As discussed above, the policy motivating the enactment of sec. 199 was to encourage domestic manufacturing and create jobs in the United States. Sec. 263A was enacted as part of the Tax Reform Act of 1986, Pub.L. No. 99–514, sec. 803(a), 100 Stat. at 2350, to address what was perceived as two significant problems concerning the expense/capital expenditure boundary:
First, the existing rules may allow costs that are in reality costs of producing, acquiring, or carrying property to be deducted currently, rather than capitalized into the basis of the property and recovered when the property is sold or as it is used by the taxpayer. This produces a mismatching of expenses and the related income and an unwarranted deferral of taxes. Second, different capitalization rules may apply under present law depending on the nature of the property and its intended use. These differences may create distortions in the allocation of economic resources and the manner in which certain economic activity is organized. * * * [I]n order to more accurately reflect income and make the income tax system more neutral, a single, comprehensive set of rules should govern the capitalization of costs of producing, acquiring, and holding property * * *.

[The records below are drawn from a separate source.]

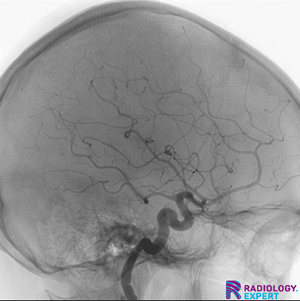 DSA angiografie cerebrală în accident vascular cerebral cu ocluzie arterială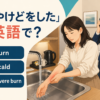 熱湯で腕にやけどをし流水で冷やしながら救急連絡を頼む旅行者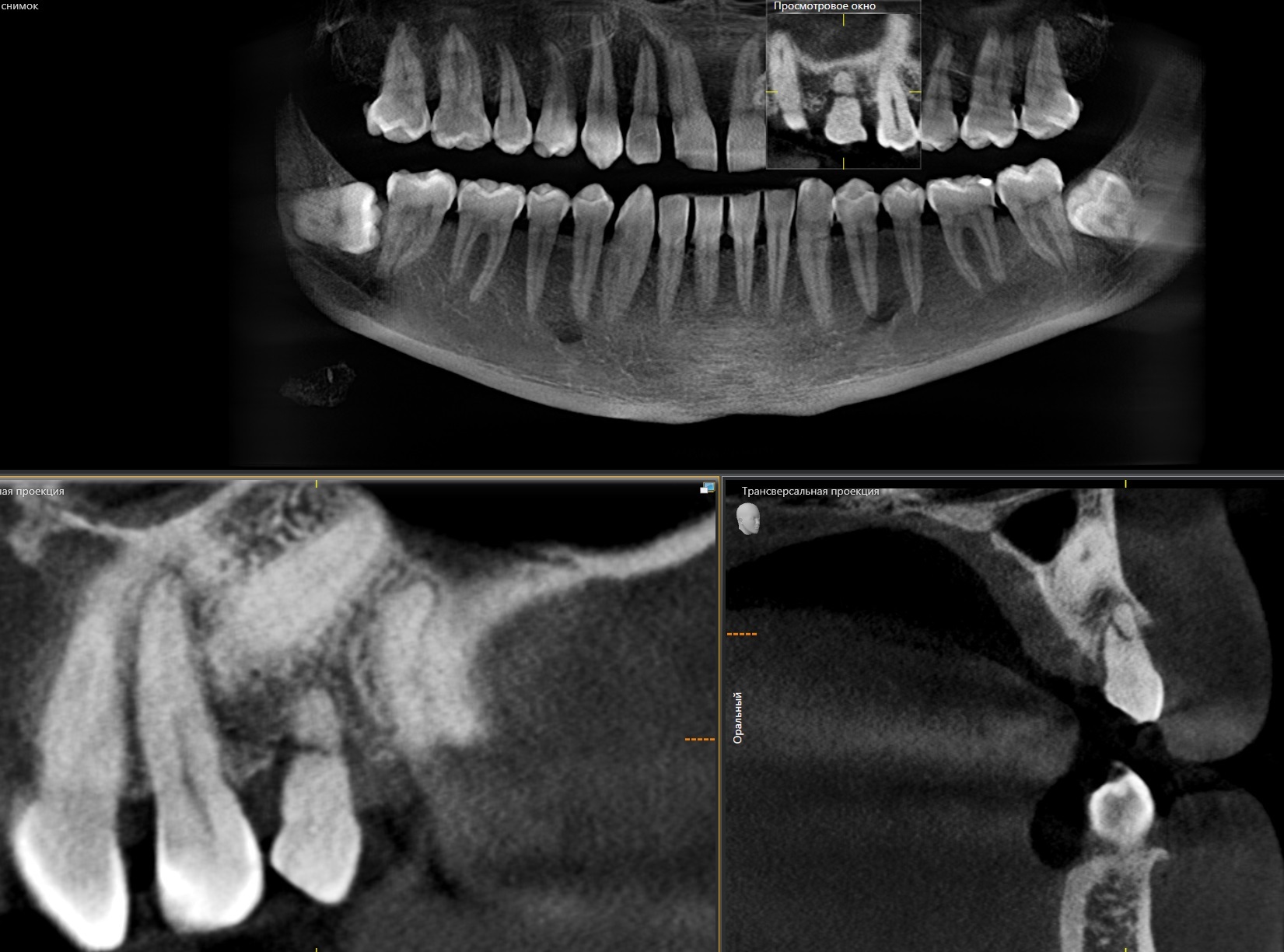 Removing an impacted canine: how is it done? - My, Teeth, The medicine, Operation, Polyclinic, Dental implantation, Удаление, Extraction of teeth, Mat, Longpost, Dentist, Doctors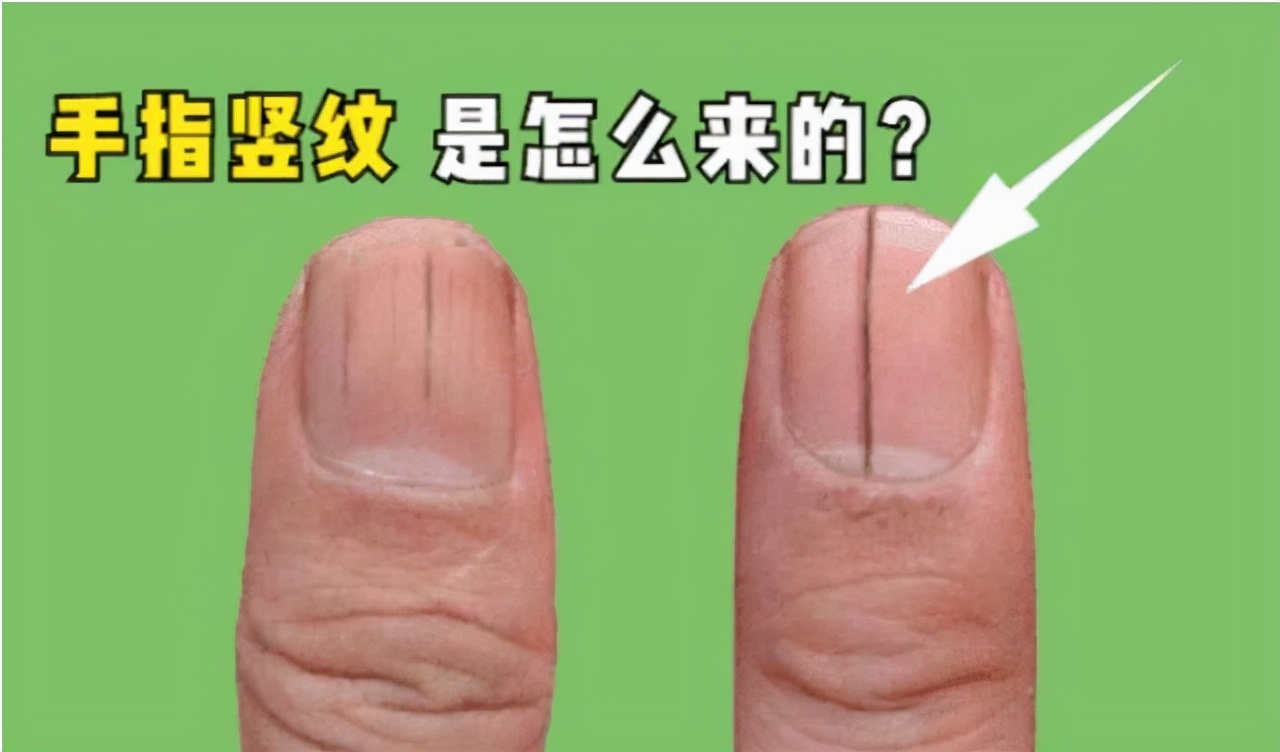 指甲有竖条纹是什么病,指甲有竖条纹的原因和危害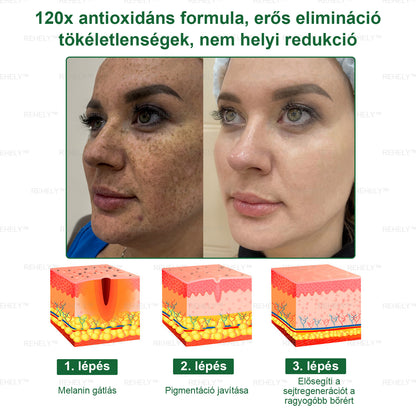 ☀️REHELY™ Természetes Bőrregeneráló Kenőcs | Tisztán vegán, állatkísérlet-mentes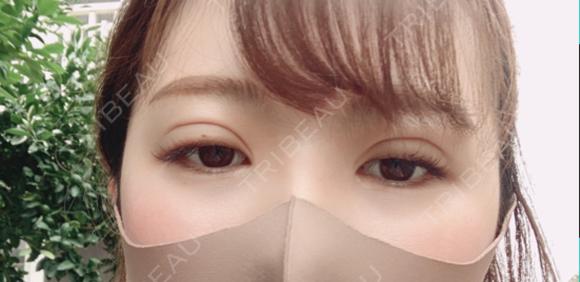二重埋没 湘南美容クリニック 渋谷院 DAY 1 メイン用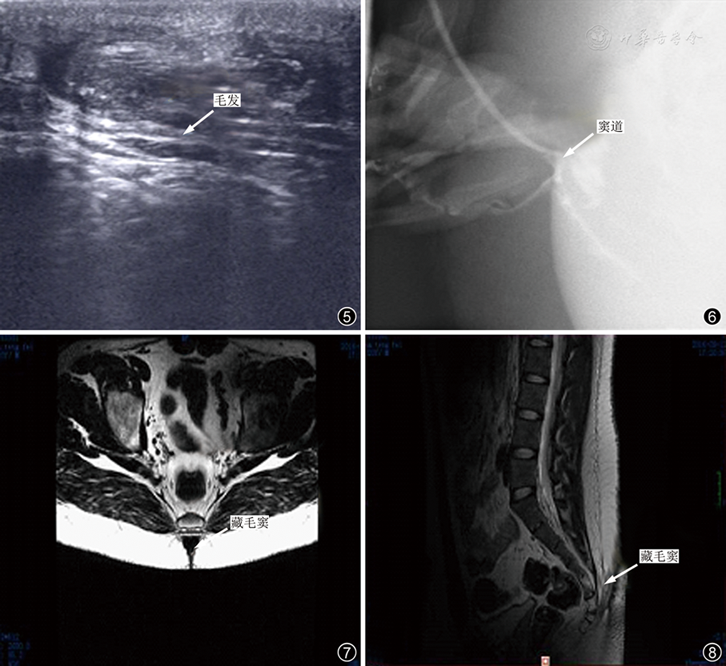 图5 彩超示藏毛窦为低回声区域或管道,内可见毛发 图6 窦道造影 图7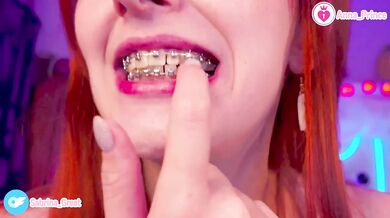 Gushing Braces Close Up Red Head Slim Teen Naughty Cute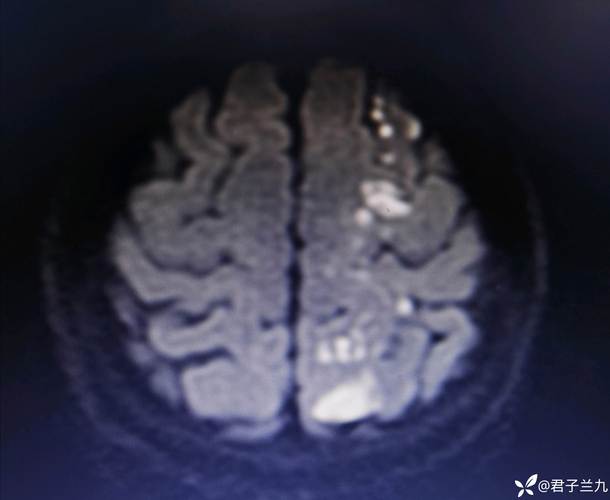 脑梗 flair显影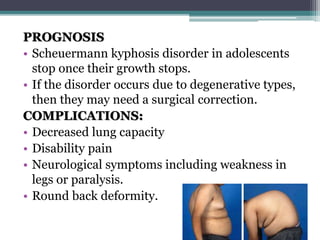PROGNOSIS
• Scheuermann kyphosis disorder in adolescents
stop once their growth stops.
• If the disorder occurs due to degenerative types,
then they may need a surgical correction.
COMPLICATIONS:
• Decreased lung capacity
• Disability pain
• Neurological symptoms including weakness in
legs or paralysis.
• Round back deformity.
 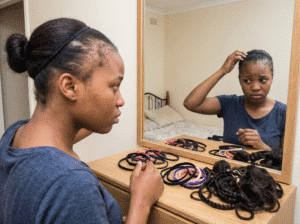 Traction Alopecia
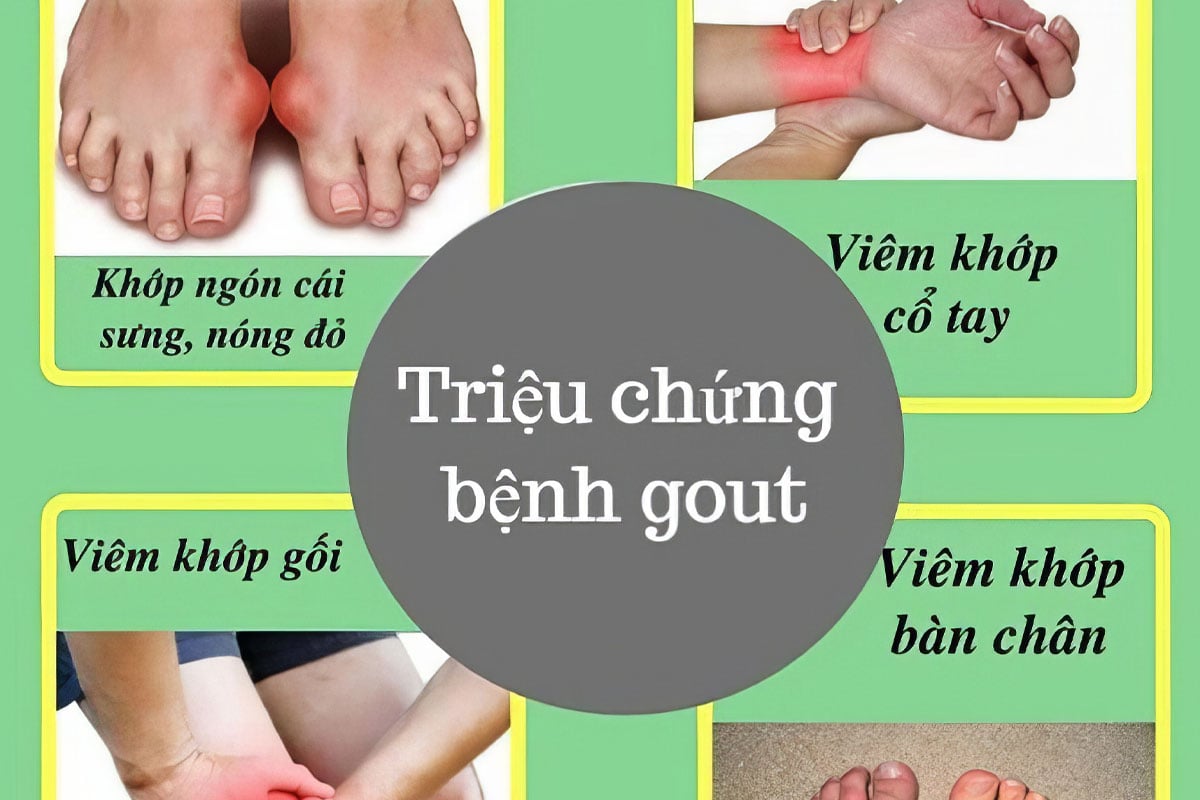 các dấu hiệu nhận biết gout sớm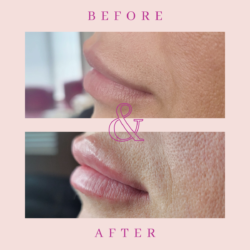 Dermal Fillers results in Hamilton Niagara: Before and after photos.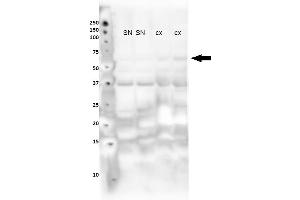 Lanes : Lane 1: Nuclear fraction from mouse substantia nigra Lane 2: Nuclear fraction from mouse substantia nigra Lane 3: Nuclear fraction from mouse cortex Lane 4: Nuclear fraction from mouse cortex Primary Antibody Dilution :  1:400   Secondary Antibody : Goat anti rabbit-HRP  Secondary Antibody Dilution :  1:10,000  Gene Name : NR4A2  Submitted by : Sorce Silvia, University of Zurich (NR4A2 antibody  (N-Term))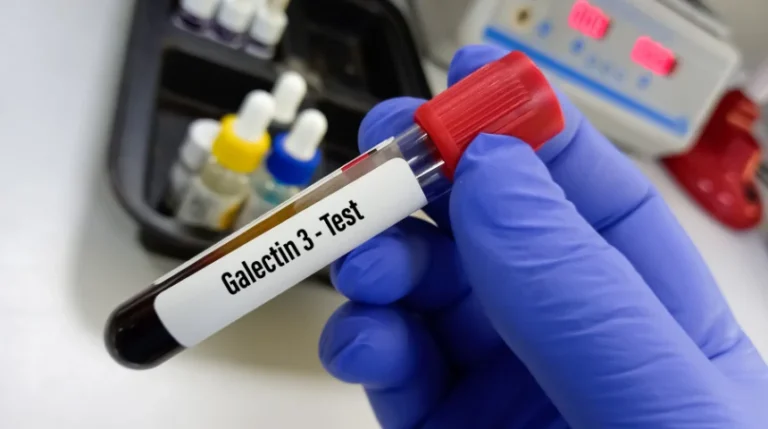 galectin-3 blood test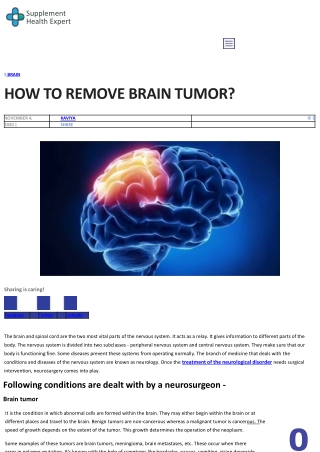 How to Remove Brain Tumor?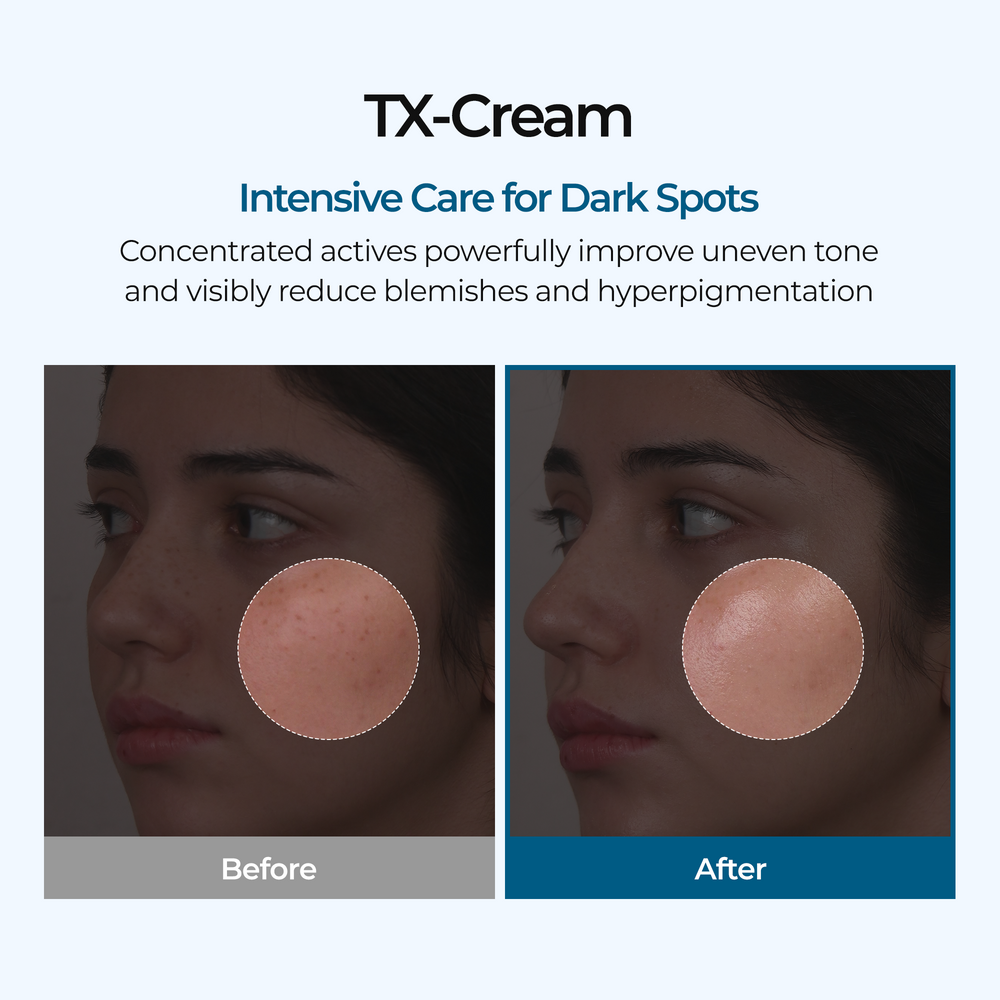 TX Cream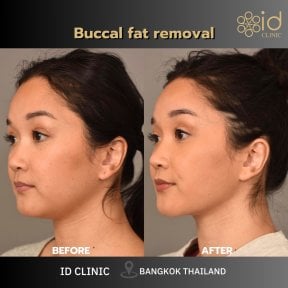 Before and after buccal fat removal result at ID Clinic Bangkok, slimmer facial contour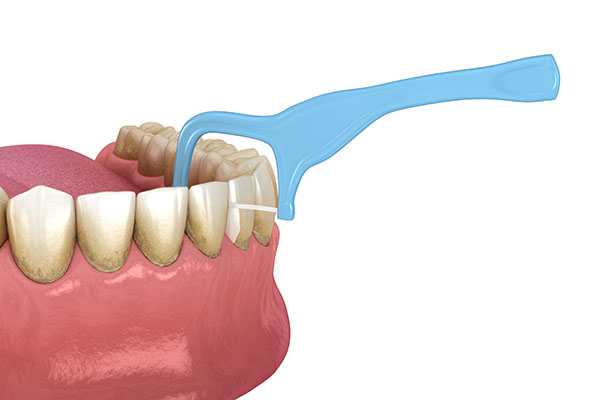 When Brushing And Flossing Causes Bleeding Gums
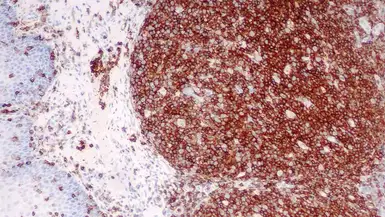 Anti-CD45 antibody [X16/99] used in IHC (Paraffin sections) (IHC-P). GTX01850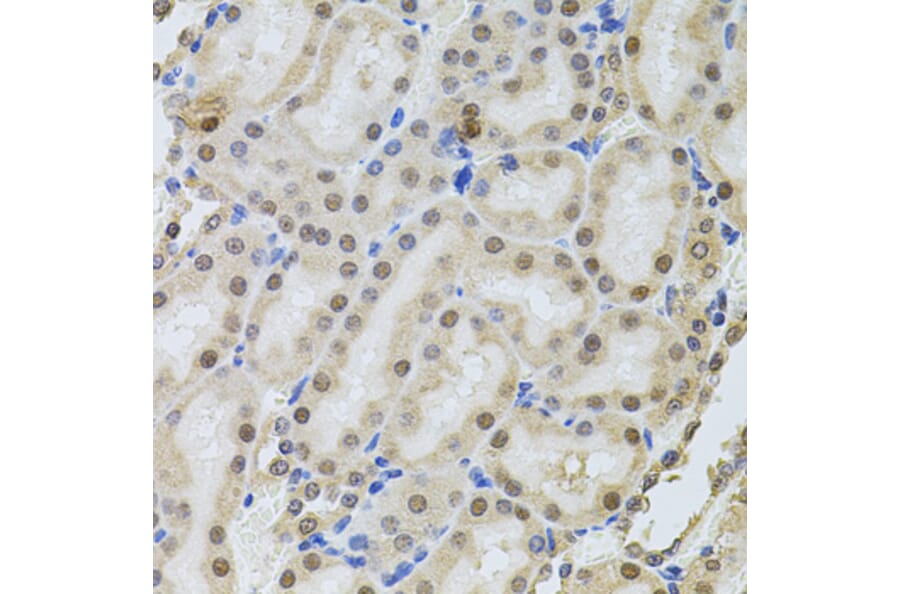 Immunohistochemistry - Anti-RPP29 Antibody (A14570) - Antibodies.com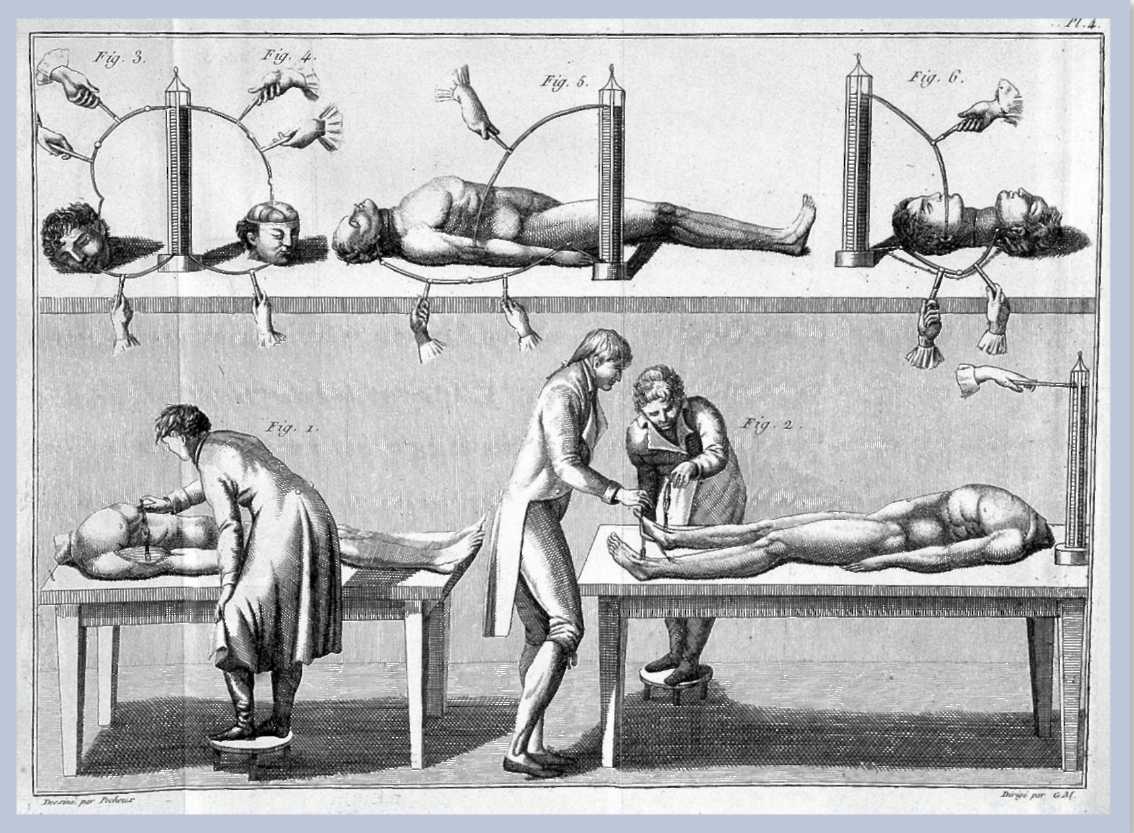 Experiments done by the removal of limbs and heads off of bodies.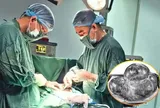 Bụng phình to bất thường, sự thật bác sĩ nói ra khiến người phụ nữ sốc nặng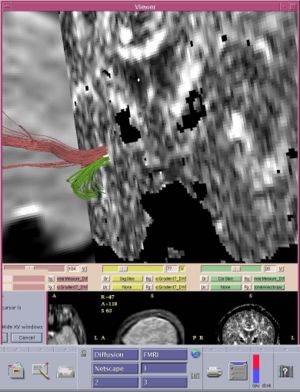 Frontotemporal tracts.jpg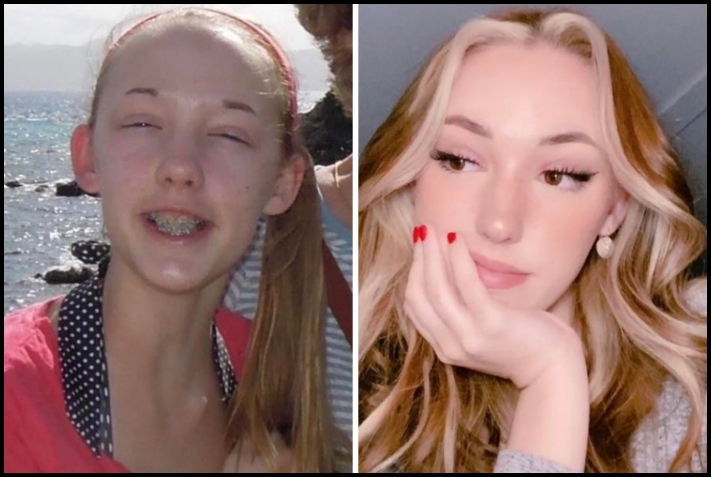 Մարդկանց 18 օրինակ, ովքեր կարծում էին, որ գեղեցիկ չեն, բայց դա կտրուկ փոխվեց տարիքի հետ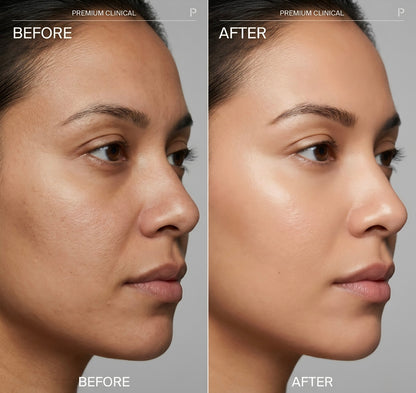 Before and after images showing improved skin texture using the ordinary multi-peptide serum for hair density by SknMaxxing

S. Rept. No. 99–313, at 140 (1986), 1986–3 C.B. (Vol.3) 1, 140; see also Robinson Knife Mfg. Co. v. Commissioner, 600 F.3d 121, 126–127 (2d Cir.2010), rev'g T.C. Memo.2009–9. Therefore, Congress necessarily intended sec. 263A to have a broad sweep in order to capture the costs of producing, acquiring, and carrying of property, and courts, including this one, have interpreted this section broadly. See Suzy's Zoo v. Commissioner, 273 F.3d 871, 879 (9th Cir.2001), aff'g 114 T.C. 1, 2000 WL 5257 (2000); Reichel v. Commissioner, 112 T.C. 14, 18, 1999 WL 9946 (1999) (real estate taxes had to be capitalized under sec. 263A as indirect costs of “producing” property even though property was not developed); Von–Lusk v. Commissioner, 104 T.C. 207, 215, 1995 WL 39379 (1995) (costs of meeting with government officials, obtaining building permits, and drafting architectural plans were development costs amounting to “production” under sec. 263A); Carpenter v. Commissioner, T.C. Memo.1994–289 (construction costs incurred by building contractor for an unsold home had to be capitalized under sec. 263A because the home was “produced” by the contractor).
The intent of section 199 was to encourage domestic manufacturing, and it was intended that only one taxpayer may claim the deduction for the product manufactured. In the event, as is the case here, where one taxpayer pursuant to a contract performs a qualifying production activity with another taxpayer, “then only the taxpayer that has the benefits and burdens of ownership of the QPP * * * under Federal income tax principles during the period in which the qualifying activity occurs is treated as engaging in the qualifying activity.”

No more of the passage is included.